Ms Mwende Mwinzi, who has all but passed the parliamentary vetting for the position of Kenya's High Commissioner to Seoul, South Korea, now faces a tough choice.
She can either renounce her US citizenship and take up the job or forget about the prestigious appointment.
Section 31 (1) of the Leadership and Integrity Act provides that a State officer who acquires dual citizenship shall lose the position.
Subsection two says that a person who holds dual citizenship shall, upon election or appointment to a State office, not take office before officially renouncing their other citizenship in accordance with the provisions of the Kenya Citizenship and Immigration Act.
On Monday, the National Assembly Defence and Foreign Relations Committee, which vetted seven nominees last week, presented its report to the House recommending the appointment of the nominees but with a disclaimer on Ms Mwinzi’s approval.
“The committee recommends that Ms Mwinzi be appointed subject to renouncing her US citizenship,” said the committee chairman, Mr Katoo Ole Metito (Kajiado South MP).
The House is expected to vote on the report on Wednesday, either approving or rejecting it.
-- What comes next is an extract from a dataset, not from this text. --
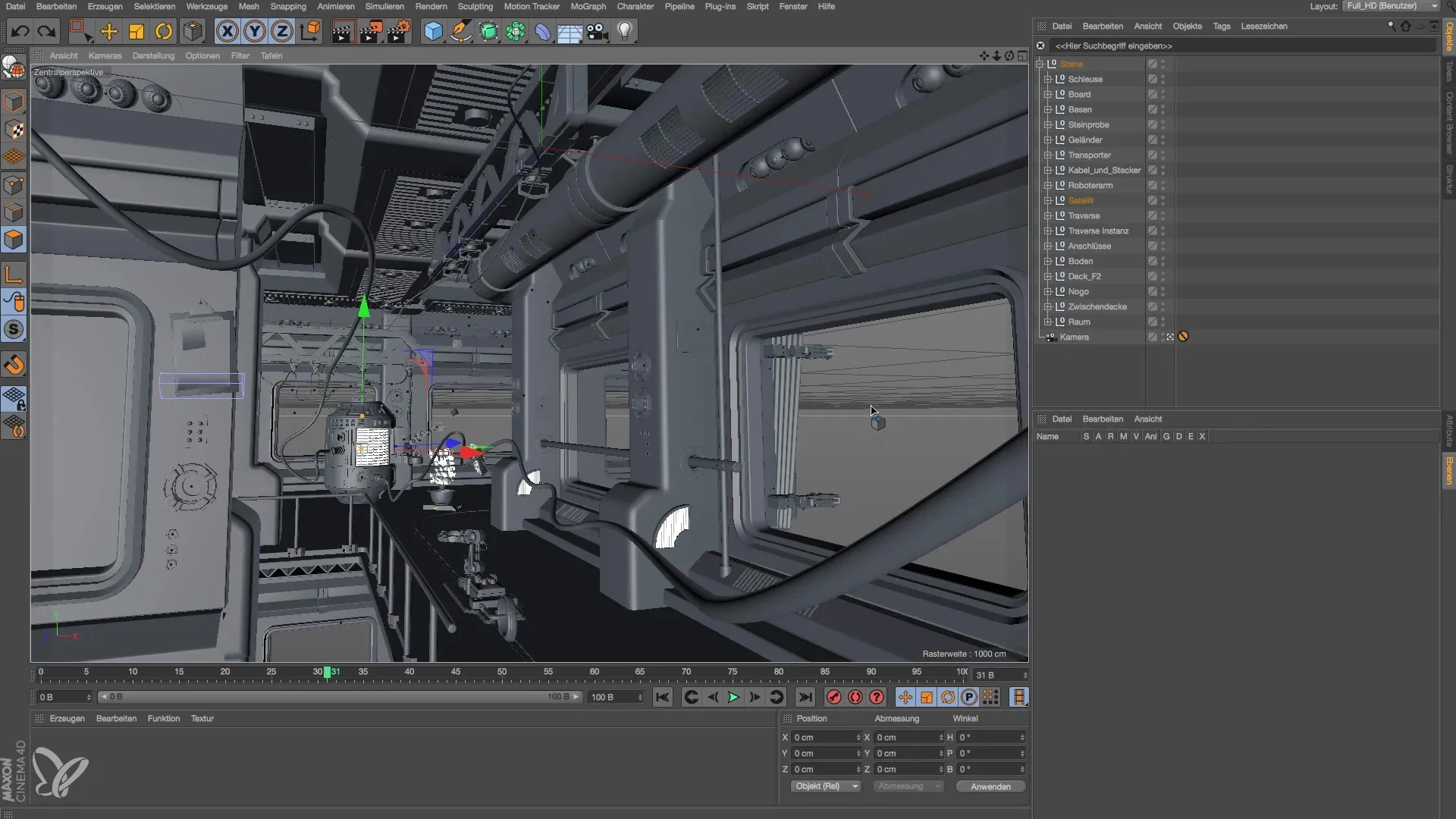 Raumstation modellieren in Cinema 4D - Tipps für die Ebenennutzung Raumstation modellieren in Cinema 4D - Tipps für die Ebenennutzung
If approved, the names will be taken to the President for formal appointment.
During the vetting last week, Mr Metito said that the matter of Ms Mwinzi would set a precedent after she admitted that she was also a US citizen.
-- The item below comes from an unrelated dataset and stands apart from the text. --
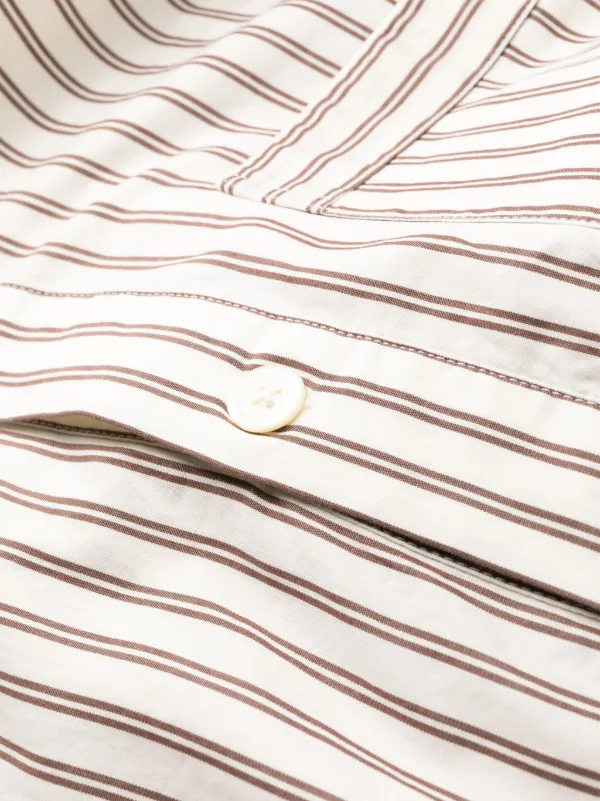 TEKLA ストライプ シャツ | ニュートラル | FARFETCH JP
Ms Mwinzi told the team she had no powers to choose where to be born.
“I was born in the US but I belong to Kenya. You can choose where to belong but you cannot choose where to be born,” Ms Mwinzi said.
Also recommended for appointment is Mr Michael Mubea (Dublin- Ireland).
The others are Mr Kariuki Mugwe (Abu Dhabi), Mr Peter Angore (Algiers, Algeria), Ms Flora Karugu (Lusaka, Zambia), Ms Diana Kiambuthi (Stockholm, Sweden) and Ms Njambi Kinyungu (Un-Habitat).